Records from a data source
--
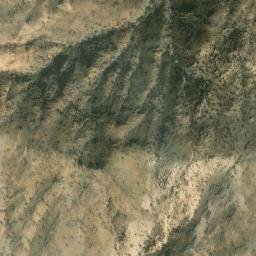 Satellite imagery of Gallail, ER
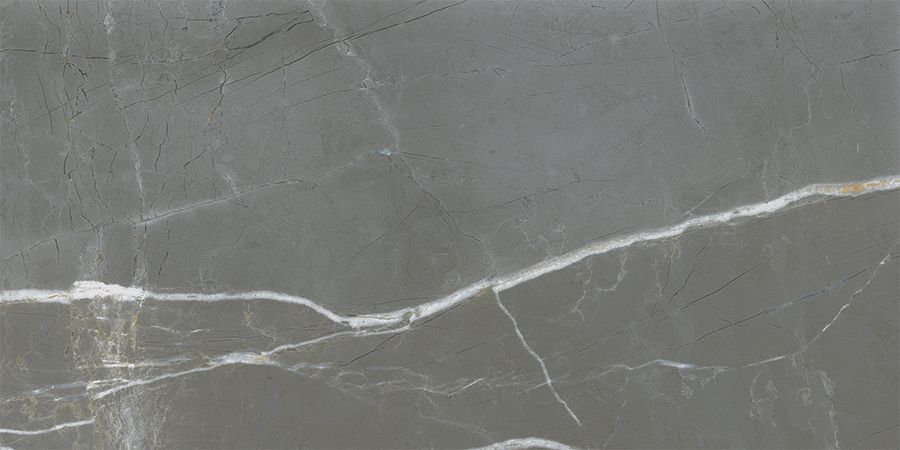 Daltile Atempo 45x90 ZAM6 Gris 1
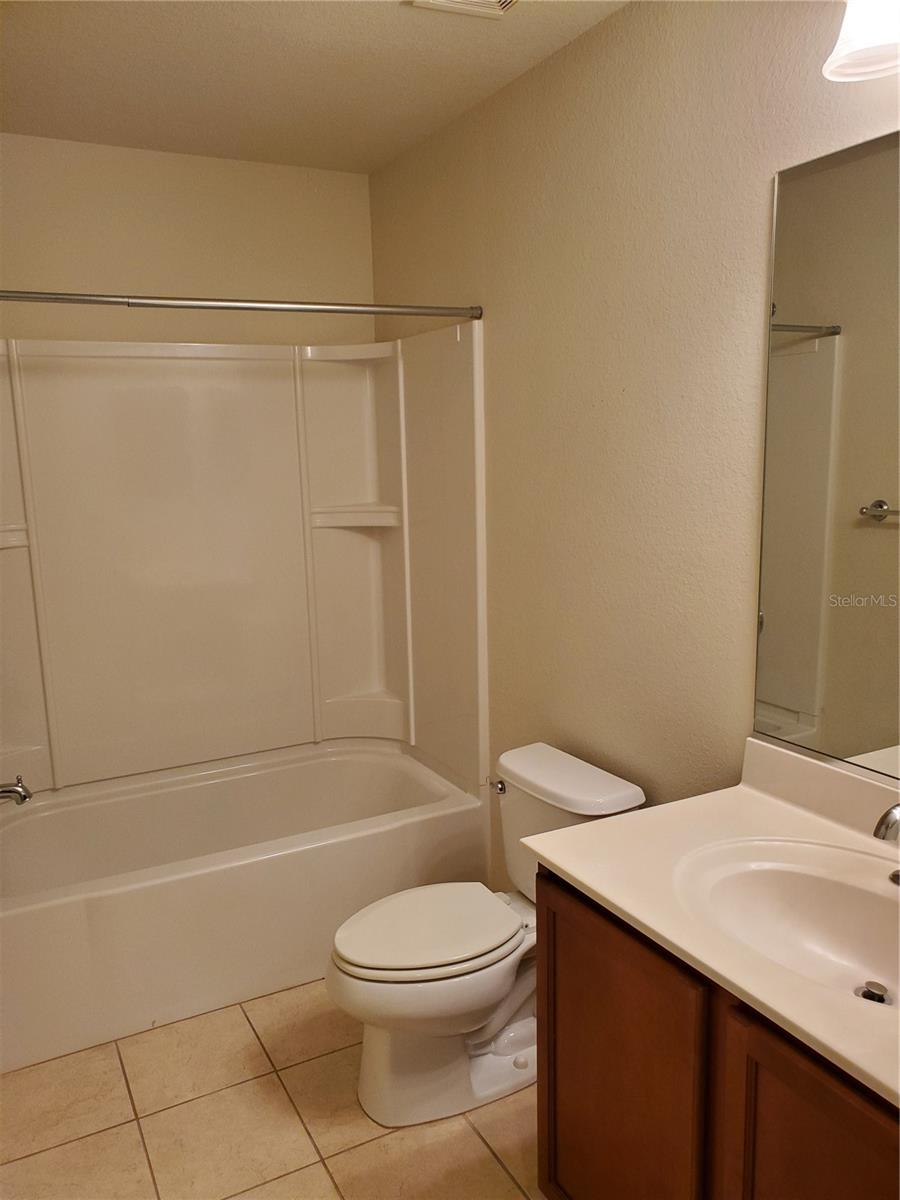 Image 13 of 31 For 4079 47th Court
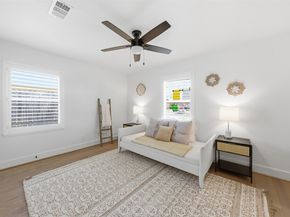 2210 Wakefield Drive, Houston TX 77018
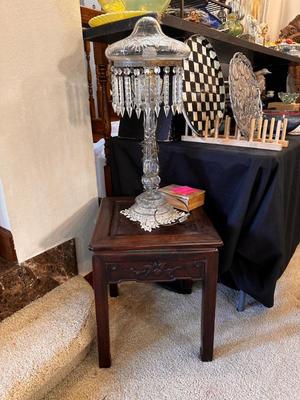 Sale Photo Thumbnail #167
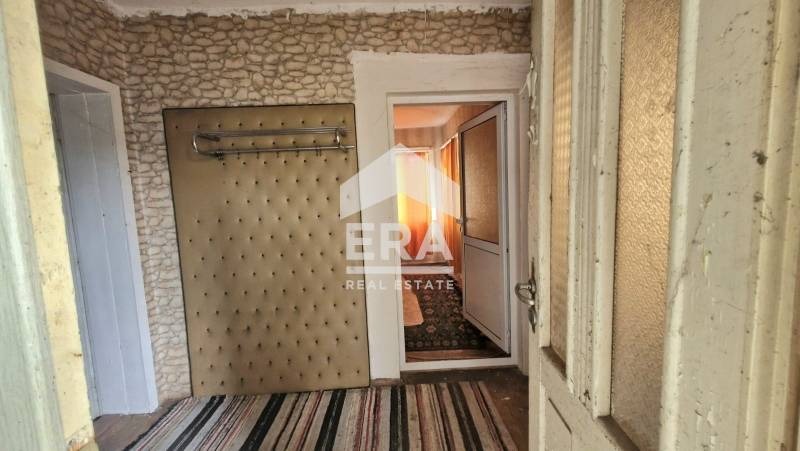 Na prodej  Dům oblast Dobrich , Paskalevo , 75 m2 | 34749936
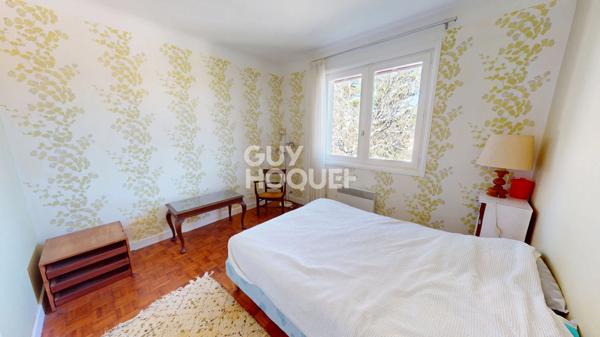 Maison Saint Jean De Luz 108.20m²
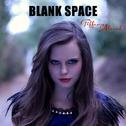 Blank Space专辑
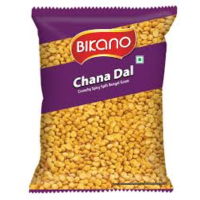 bikano chana dal masala 12 n (rs.10 each)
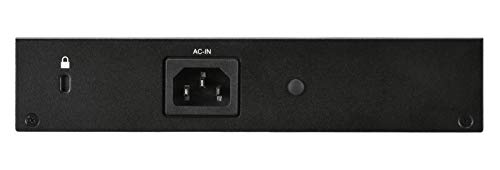 楽天市場】BS-GSL2005P バッファロー 法人向け Giga対応 PoE Layer2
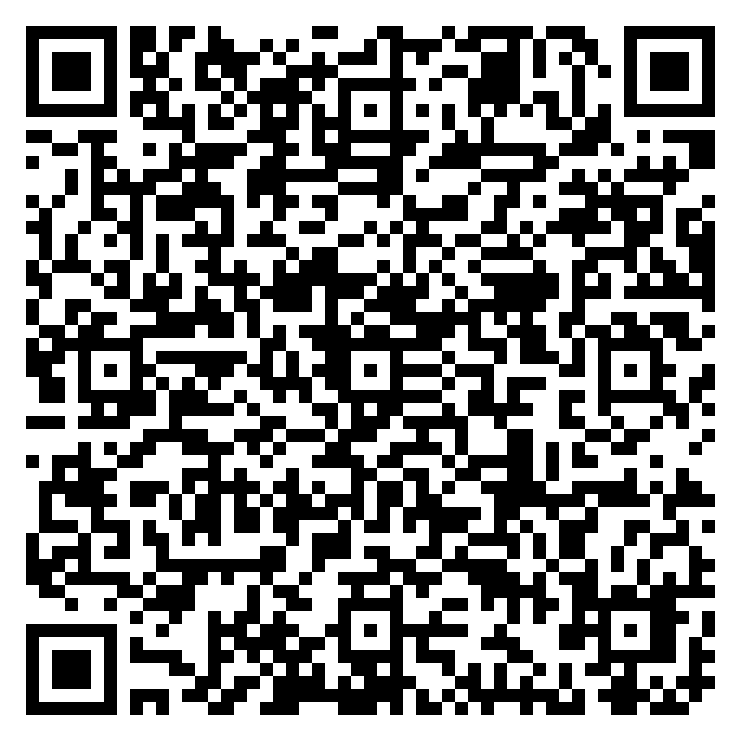 MALOWANIE TAPETOWANIE USŁUGI REMONTOWO-BUDOWLANE Mirosław Adamczewski kod QR z danymi kontaktowymi kod QR z danymi kontaktowymi 01177340000000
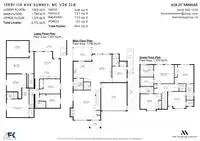 13851 114 AVENUE - thumbnail 40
--
What is being asked
Every entry above should be duplicated exactly. Do not include the images.

Solution for this task
 Satellite imagery of Gallail, ER
 Daltile Atempo 45x90 ZAM6 Gris 1
 Image 13 of 31 For 4079 47th Court
 2210 Wakefield Drive, Houston TX 77018
 Sale Photo Thumbnail #167
 Na prodej  Dům oblast Dobrich , Paskalevo , 75 m2 | 34749936
 Maison Saint Jean De Luz 108.20m²
 Blank Space专辑
 bikano chana dal masala 12 n (rs.10 each)
 楽天市場】BS-GSL2005P バッファロー 法人向け Giga対応 PoE Layer2
 MALOWANIE TAPETOWANIE USŁUGI REMONTOWO-BUDOWLANE Mirosław Adamczewski kod QR z danymi kontaktowymi kod QR z danymi kontaktowymi 01177340000000
 13851 114 AVENUE - thumbnail 40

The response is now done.